Jeehan Jawed, vice-president of Mt. A’s TEDx committee and speaker co-ordinator founded the group with Phil LeBeouf as a Leadership Mount Allison project. They developed a committee to work on getting a license with TED, organizing logistics and preparing speakers, and received close cooperation from the alumni office.

“It was a lot of trial and error,” said Jawed.

Jawed, a second-year Mt. A student, said she was interested in bringing a TED event to Sackville because “it is [a] completely different experience being able to watch these speakers and physically be there listening to their words.” All TEDx talks are made publicly available online. Jawed added that “getting to go up to [the speakers] afterwards to ask them questions” enhances the experience.

Justin Ryan of the Multicultural Association of Greater Moncton Area spoke on the importance of unconventional thinking, tying it into his experiences of helping immigrants settle in the area.
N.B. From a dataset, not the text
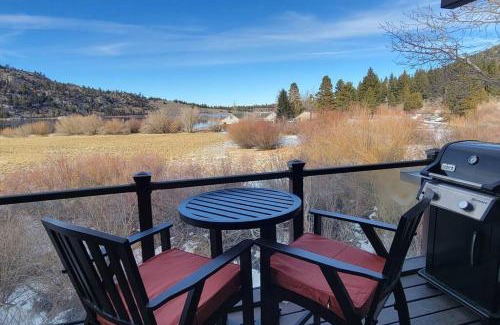 June Lake Apartment | Lakefront Mountain Retreat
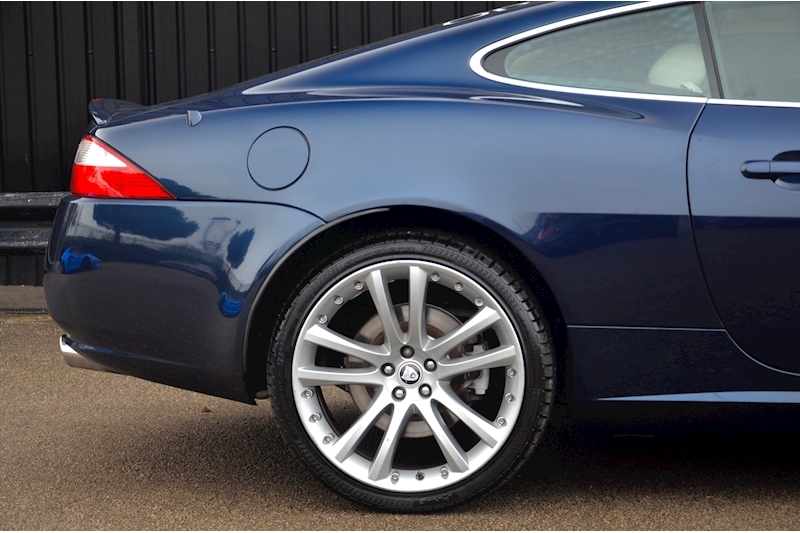 Jaguar XK XK V8 4.2 2dr Coupe Automatic Petrol Image 17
“Convention is how we operate and how we get through most of the time; it’s just not how we should get through all the time,” he said.

Kylie de Chastelain gave the first address, her second TED talk. This time, de Chastelain shared her experience from a recent summer course taken through Trent University that took her to the Northwest Territories. Like Ryan, de Chastelain used the theme of thinking outside the box to positively reflect on the cross-cultural experience of studying in Trent. “The cultures are just so different; it’s so important to have the chance to talk to people here about it.”

“We are just hoping to get bigger and better every year and have nationally recognized speakers come in,” Jawed told The Argosy. She said that attendance was up from the previous year, and that the group has been approached by students who would like to join the organizing committee. Though the speakers are not supposed to be paid under TED guidelines, Jawed noted besides hopes for expansion that the group is hoping for more funding in the future to pay technicians and other helpers who have been providing free services.

TED began as a conference nearly thirty years ago. TEDx events are independently organized by local committees but must adhere to some guidelines provided by TED.

Second-year student Franziska Glen attended Saturday’s event. “I had pretty high expectations this year, some of the speakers I think I could relate to their topics more than others.”